Write out each line of the entries exactly, starting at the first and finishing with the line that contains "Pre-owned HERMES Heure".

Caption-style text data
= = = = =

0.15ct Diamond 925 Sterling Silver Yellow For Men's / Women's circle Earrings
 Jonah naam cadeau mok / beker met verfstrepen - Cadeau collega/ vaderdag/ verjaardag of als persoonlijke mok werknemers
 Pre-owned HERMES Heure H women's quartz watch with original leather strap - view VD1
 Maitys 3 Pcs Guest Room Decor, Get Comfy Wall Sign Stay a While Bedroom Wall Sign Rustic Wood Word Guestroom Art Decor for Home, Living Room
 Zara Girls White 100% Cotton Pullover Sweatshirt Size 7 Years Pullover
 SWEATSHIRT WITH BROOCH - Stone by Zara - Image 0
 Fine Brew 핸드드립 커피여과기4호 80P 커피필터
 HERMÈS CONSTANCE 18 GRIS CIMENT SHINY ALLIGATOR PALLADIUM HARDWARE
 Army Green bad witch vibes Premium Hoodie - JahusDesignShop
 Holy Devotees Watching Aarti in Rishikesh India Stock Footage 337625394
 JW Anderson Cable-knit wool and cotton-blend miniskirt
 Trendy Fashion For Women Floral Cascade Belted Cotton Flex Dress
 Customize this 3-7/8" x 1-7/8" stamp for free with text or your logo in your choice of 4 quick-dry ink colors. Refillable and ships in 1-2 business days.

= = = = =

> [Answer for this exercise]
0.15ct Diamond 925 Sterling Silver Yellow For Men's / Women's circle Earrings
 Jonah naam cadeau mok / beker met verfstrepen - Cadeau collega/ vaderdag/ verjaardag of als persoonlijke mok werknemers
 Pre-owned HERMES Heure H women's quartz watch with original leather strap - view VD1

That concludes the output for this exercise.